● Supplied entries
------------------------------

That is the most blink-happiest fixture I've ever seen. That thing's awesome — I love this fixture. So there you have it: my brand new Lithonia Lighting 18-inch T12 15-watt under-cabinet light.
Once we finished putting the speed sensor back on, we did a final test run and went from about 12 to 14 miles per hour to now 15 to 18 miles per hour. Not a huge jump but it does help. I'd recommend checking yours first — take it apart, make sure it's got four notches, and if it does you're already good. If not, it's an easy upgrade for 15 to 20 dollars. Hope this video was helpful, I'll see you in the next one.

------------------------------

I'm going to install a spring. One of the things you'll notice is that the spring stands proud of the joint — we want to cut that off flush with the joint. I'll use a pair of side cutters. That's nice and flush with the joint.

------------------------------

● Your assignment
Would you retype the lines above from the one with "That is the" down to the one with "Once we finished", word for word, both ends included and no other lines?

● Response below
That is the most blink-happiest fixture I've ever seen. That thing's awesome — I love this fixture. So there you have it: my brand new Lithonia Lighting 18-inch T12 15-watt under-cabinet light.
Once we finished putting the speed sensor back on, we did a final test run and went from about 12 to 14 miles per hour to now 15 to 18 miles per hour. Not a huge jump but it does help. I'd recommend checking yours first — take it apart, make sure it's got four notches, and if it does you're already good. If not, it's an easy upgrade for 15 to 20 dollars. Hope this video was helpful, I'll see you in the next one.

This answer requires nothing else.